■ Work instruction ■
Below is some data. Retype exactly the lines starting at the one with "Merry Christmas Buffalo" and ending at the one with "Plate, spreader 331/30894".

■ Given information ■
=== Begin Enclosure ===
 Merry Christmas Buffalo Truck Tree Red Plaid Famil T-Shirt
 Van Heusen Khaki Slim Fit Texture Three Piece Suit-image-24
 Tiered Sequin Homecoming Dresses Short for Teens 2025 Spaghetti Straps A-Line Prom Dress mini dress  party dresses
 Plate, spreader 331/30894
=== End Enclosure ===
=== Begin Enclosure ===
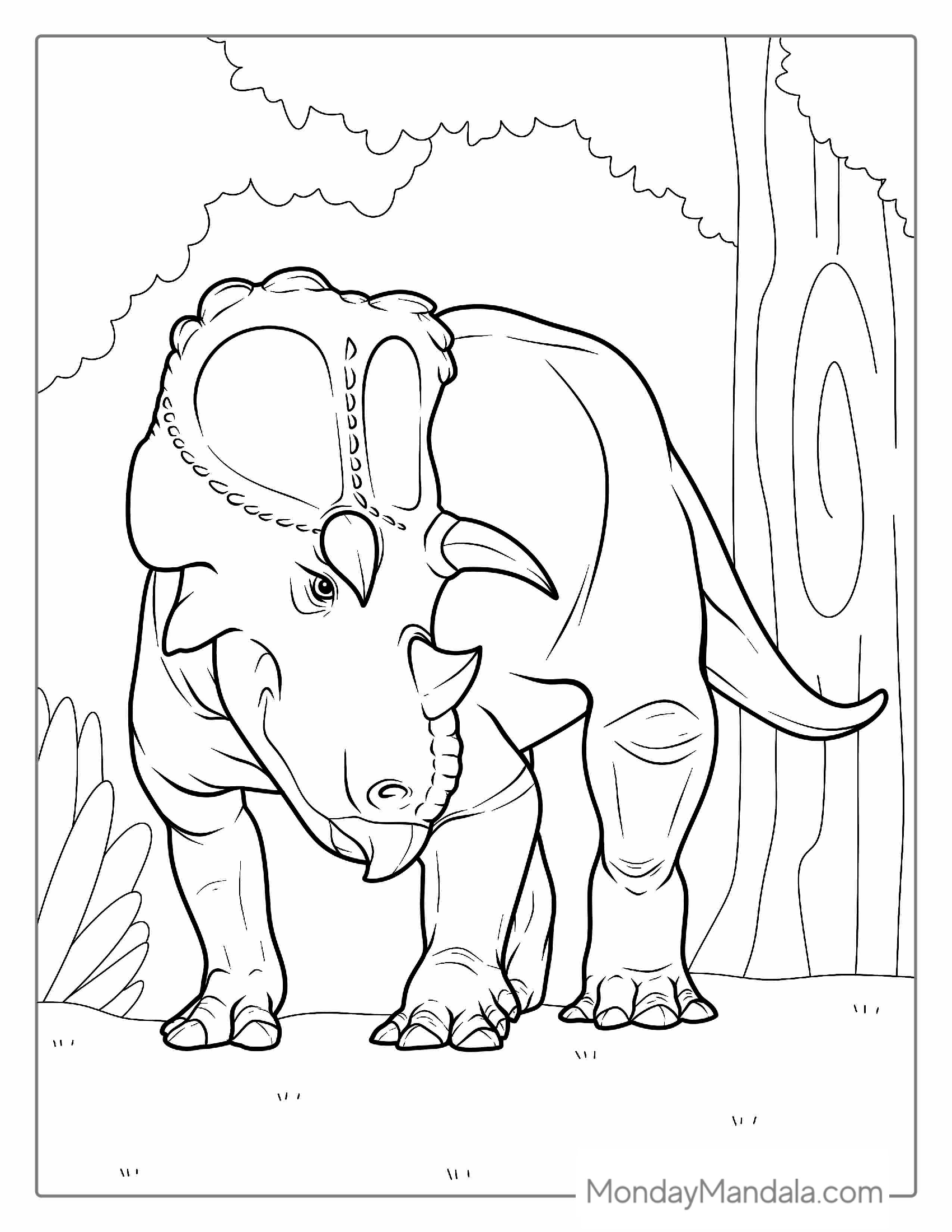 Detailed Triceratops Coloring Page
=== End Enclosure ===
=== Begin Enclosure ===
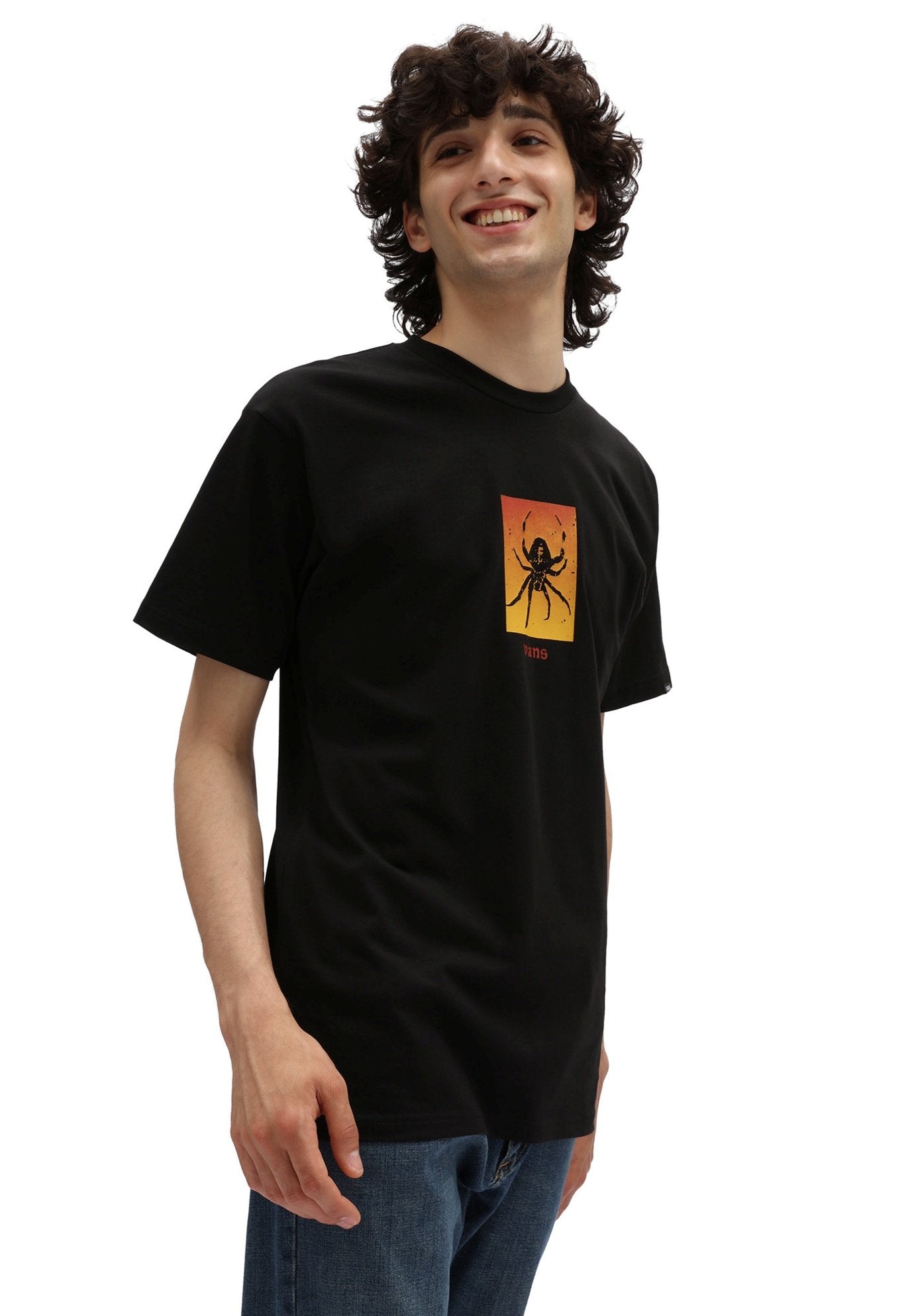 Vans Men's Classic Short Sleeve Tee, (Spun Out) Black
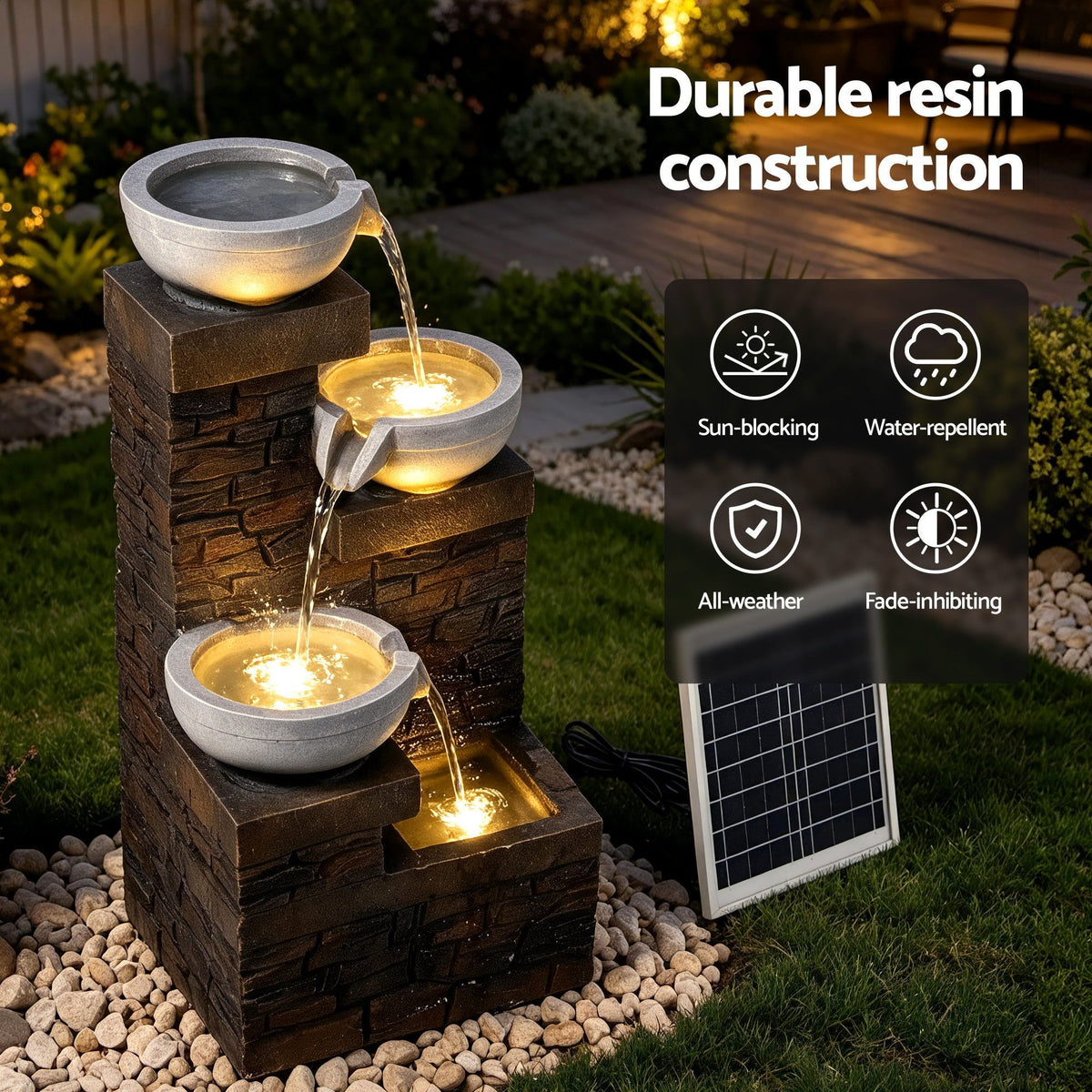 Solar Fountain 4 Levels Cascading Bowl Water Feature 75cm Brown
=== End Enclosure ===
■ Task solution ■
 Merry Christmas Buffalo Truck Tree Red Plaid Famil T-Shirt
 Van Heusen Khaki Slim Fit Texture Three Piece Suit-image-24
 Tiered Sequin Homecoming Dresses Short for Teens 2025 Spaghetti Straps A-Line Prom Dress mini dress  party dresses
 Plate, spreader 331/30894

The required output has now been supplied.